Data provided =
:::

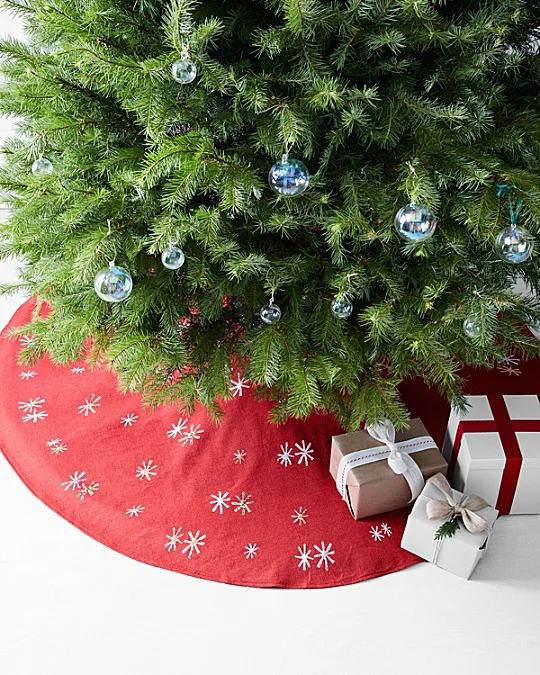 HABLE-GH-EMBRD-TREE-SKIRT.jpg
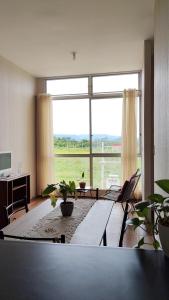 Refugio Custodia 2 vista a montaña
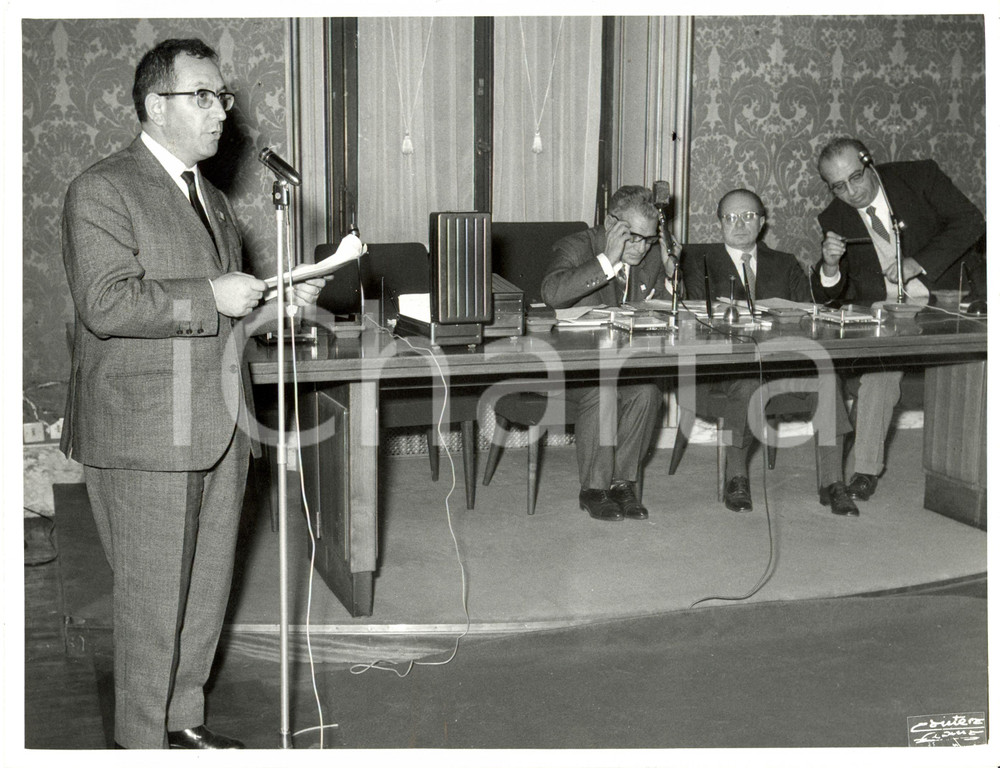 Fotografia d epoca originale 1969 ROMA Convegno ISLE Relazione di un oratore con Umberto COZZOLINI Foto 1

:::

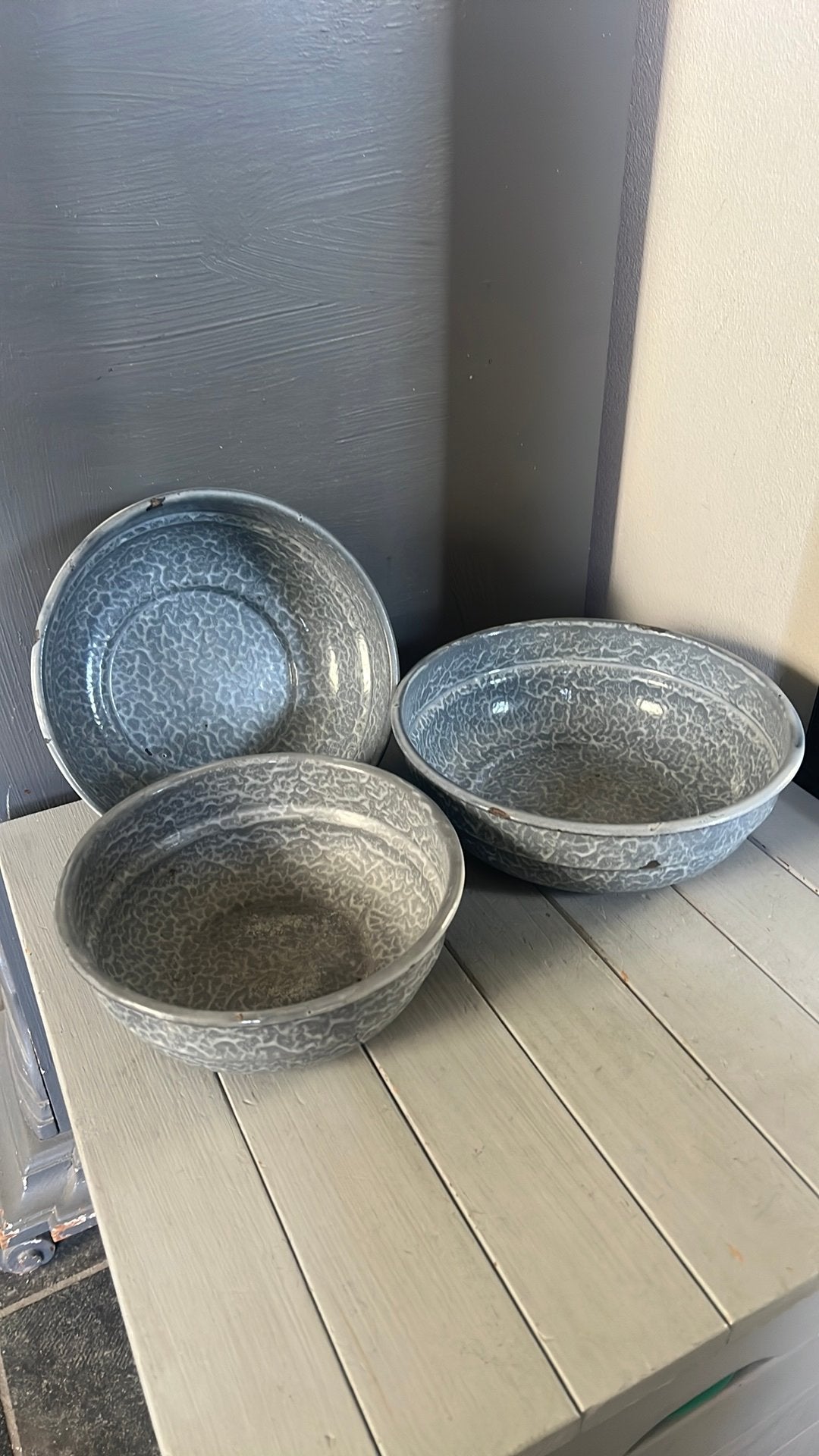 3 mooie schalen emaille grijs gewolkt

:::

Assignment =
Working from the entries above, please transcribe only the lines from the line with "HABLE-GH-EMBRD-TREE-SKIRT.jpg" through the line with "Fotografia d epoca", exactly, with both end lines and without pictures.

The answer =
 HABLE-GH-EMBRD-TREE-SKIRT.jpg
 Refugio Custodia 2 vista a montaña
 Fotografia d epoca originale 1969 ROMA Convegno ISLE Relazione di un oratore con Umberto COZZOLINI Foto 1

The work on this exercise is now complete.